「アフターコロナ」を見据えて提案したい
地方主権推進を御旗にした共闘

 この連載では、自民党政権による中央集権体制は限界を見せており、これからは東京や大阪、京都、名古屋、札幌、仙台、広島、福岡などの大都市に政府の権限の多くを移管し、その大都市の周りを市町村が囲み、社会保障や福祉などの行政サービスを提供する「地方主権」を実現すべきだと論じてきた(第204回)。新型コロナウイルスの感染拡大が浮き彫りにしたのは、まさに自民党の限界と地方の可能性だろう。

 新型コロナウイルスとの闘いに勝利するために、そしてその後の新しい日本を創るためにも提案したいのが、「地方主権」を推進する勢力の「共闘」だ。あえて大胆に提言すれば、新型コロナウイルスの感染拡大の「第一波」が収まったときか、それ以外でもどこかいいタイミングで、小池都知事、鈴木道知事、大村県知事らと、吉村府知事が副代表の日本維新の会、そして玉木雄一郎代表率いる国民民主党が、「地方主権」を掲げた新党を立ち上げてはどうだろうか。
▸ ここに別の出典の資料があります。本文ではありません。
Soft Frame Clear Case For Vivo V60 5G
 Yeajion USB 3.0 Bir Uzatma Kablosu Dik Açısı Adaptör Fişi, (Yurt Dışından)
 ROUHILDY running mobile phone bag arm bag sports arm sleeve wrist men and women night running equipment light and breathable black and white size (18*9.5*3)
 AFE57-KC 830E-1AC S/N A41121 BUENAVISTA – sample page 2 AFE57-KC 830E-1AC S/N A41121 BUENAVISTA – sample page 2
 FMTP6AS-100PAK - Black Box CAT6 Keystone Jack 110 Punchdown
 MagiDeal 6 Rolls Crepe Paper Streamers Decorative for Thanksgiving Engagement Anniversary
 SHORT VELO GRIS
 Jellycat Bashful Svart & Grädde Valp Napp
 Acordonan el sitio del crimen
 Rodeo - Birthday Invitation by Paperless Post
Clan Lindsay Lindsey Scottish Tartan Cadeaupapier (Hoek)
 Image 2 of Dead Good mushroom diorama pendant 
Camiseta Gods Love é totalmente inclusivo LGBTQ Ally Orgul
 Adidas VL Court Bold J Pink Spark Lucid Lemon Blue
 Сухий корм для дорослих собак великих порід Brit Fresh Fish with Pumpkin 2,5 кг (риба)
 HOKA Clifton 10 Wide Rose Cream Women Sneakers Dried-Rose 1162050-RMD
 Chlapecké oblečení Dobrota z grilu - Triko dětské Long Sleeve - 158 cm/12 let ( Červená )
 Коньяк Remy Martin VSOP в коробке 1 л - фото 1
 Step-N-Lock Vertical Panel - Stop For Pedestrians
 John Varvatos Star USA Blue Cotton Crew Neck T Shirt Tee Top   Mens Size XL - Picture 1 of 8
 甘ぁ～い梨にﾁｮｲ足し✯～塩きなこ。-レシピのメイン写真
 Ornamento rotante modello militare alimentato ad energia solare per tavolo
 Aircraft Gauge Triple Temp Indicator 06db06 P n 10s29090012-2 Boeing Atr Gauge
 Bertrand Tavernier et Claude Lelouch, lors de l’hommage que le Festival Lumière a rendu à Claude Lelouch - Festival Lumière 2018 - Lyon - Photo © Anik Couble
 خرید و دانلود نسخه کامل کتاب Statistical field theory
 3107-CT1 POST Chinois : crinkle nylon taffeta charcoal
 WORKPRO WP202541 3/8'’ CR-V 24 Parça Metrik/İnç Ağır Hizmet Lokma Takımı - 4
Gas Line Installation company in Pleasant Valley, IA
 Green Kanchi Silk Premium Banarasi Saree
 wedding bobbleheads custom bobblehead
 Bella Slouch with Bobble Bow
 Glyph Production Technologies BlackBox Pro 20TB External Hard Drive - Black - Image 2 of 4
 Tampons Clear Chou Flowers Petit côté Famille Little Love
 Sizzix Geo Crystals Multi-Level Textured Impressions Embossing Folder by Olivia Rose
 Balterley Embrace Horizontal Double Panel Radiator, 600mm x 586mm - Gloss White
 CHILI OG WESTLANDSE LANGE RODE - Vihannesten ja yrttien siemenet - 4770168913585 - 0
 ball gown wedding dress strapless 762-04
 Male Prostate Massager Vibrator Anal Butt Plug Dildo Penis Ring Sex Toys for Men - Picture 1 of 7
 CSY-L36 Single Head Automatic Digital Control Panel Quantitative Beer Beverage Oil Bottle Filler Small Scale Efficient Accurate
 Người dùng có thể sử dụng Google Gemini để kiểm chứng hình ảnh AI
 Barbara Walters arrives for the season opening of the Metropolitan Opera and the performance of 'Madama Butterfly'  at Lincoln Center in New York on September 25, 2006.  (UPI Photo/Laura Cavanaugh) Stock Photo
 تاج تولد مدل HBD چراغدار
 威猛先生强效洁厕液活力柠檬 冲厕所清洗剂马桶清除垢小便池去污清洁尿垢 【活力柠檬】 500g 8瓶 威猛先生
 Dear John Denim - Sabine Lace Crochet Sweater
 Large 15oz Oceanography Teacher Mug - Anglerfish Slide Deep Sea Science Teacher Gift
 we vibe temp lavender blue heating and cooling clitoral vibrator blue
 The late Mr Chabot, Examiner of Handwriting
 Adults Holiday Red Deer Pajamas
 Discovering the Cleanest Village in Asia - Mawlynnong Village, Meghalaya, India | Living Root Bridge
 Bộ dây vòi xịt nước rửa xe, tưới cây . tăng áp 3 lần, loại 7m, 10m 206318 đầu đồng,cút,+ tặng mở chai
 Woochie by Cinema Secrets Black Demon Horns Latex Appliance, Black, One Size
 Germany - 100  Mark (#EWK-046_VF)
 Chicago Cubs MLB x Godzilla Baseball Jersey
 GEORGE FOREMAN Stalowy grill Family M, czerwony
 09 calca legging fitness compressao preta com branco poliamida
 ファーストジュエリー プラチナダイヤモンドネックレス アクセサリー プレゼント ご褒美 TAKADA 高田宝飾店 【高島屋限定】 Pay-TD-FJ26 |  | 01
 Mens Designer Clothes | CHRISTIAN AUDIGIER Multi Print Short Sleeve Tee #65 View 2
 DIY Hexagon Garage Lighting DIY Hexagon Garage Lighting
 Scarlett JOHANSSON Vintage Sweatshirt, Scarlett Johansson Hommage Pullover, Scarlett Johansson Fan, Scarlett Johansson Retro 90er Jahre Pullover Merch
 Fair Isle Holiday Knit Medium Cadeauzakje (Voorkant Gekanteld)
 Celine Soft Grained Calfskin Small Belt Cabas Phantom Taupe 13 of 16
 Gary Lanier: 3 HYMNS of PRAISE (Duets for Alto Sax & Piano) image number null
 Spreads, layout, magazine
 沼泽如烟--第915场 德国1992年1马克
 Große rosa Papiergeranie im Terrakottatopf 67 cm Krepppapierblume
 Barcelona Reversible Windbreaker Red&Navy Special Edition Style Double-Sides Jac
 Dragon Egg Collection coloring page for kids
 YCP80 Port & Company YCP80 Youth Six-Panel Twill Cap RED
 彼らは、17年の総選挙時の「希望の党」を巡ってゴタゴタした因縁がある(第168回)が、そんなものは乗り越えて共闘すべきである。いわゆる「野党共闘」がうまくいかないことに対して「小異を捨てて大同につけ」と言われるが、共産党との共闘などに未来はないので捨てるべきだ(第174回)。地方勢力の共闘こそ「大同につく」価値がある、真の野党共闘である。

 まず共闘すべきは、緊急経済対策の組み換えだ。補正予算を速やかに通過させるのは重要だ。しかし、「マイナポイントにキャッスレスの推進・拡充」や「観光・消費の国民的キャンペーン」「デジタル遷都」などの、頭がクラクラするような意味不明な施策はすべて停止して財源を地方に回せと、補正予算通過後も粘り強く主張し続けていくべきだ。

 なぜなら、緊急事態宣言が解除された後も新型コロナウイルス拡大の「第二波」「第三波」が必ずやってくる。そのときには、尾身茂・専門家会議副座長が訴えるように感染拡大防止のために「ガードを上げる」ことになり、経済活動は二度、三度とストップする。そのとき、緊急経済対策の組み換えという議論に必ずなるからだ(第239回・P7)。

小池都知事らが安倍首相のお株を奪う今こそ「地方主権で政権交代」の好機本連載の著者、上久保誠人氏の単著本が発売されました。『逆説の地政学:「常識」と「非常識」が逆転した国際政治を英国が真ん中の世界地図で読み解く』(晃洋書房)

 ここで先頭に立つのは、現在国会で議席を持ち、「ロックダウン法案」など提案型の姿勢で評価を高めている玉木代表だ。それを、発信力がある小池都知事や吉村府知事などが援護射撃する。現金給付が「減収世帯に30万円」から、「一律10万円」に世論の猛批判で変わったのだ。世論が動けば政策は必ず変えられる。

 安倍首相が「世界最大級」と誇る緊急経済対策は総額117兆円もある。無駄な施策を全部撤回させて、各都道府県に1兆円ずつでも自由に使えと配ったほうが、現金給付や休業補償だけでなく、医療物資の生産も飲食店の支援も、それぞれの地域の事情に合わせて機動的にできるのは間違いない。

 新型コロナウイルスの感染拡大が終息したら、新党を結成して総選挙で政権交代を狙う。新党は、政権担当経験がない素人集団だった民主党のときとは違う、地方での圧倒的な実行力を引っさげての登場だ。政策は、「廃県置藩」に匹敵するくらいの、地方主権を軸とした明治以来の大胆な国家改革を打ち出すべきだ。

 新型コロナウイルスは、社会のすべてを変えてしまうだろう。今までの常識はまったく通用しなくなる。新しい国家、国際社会のあり方を構想する勢力の出現が望まれているのは間違いない。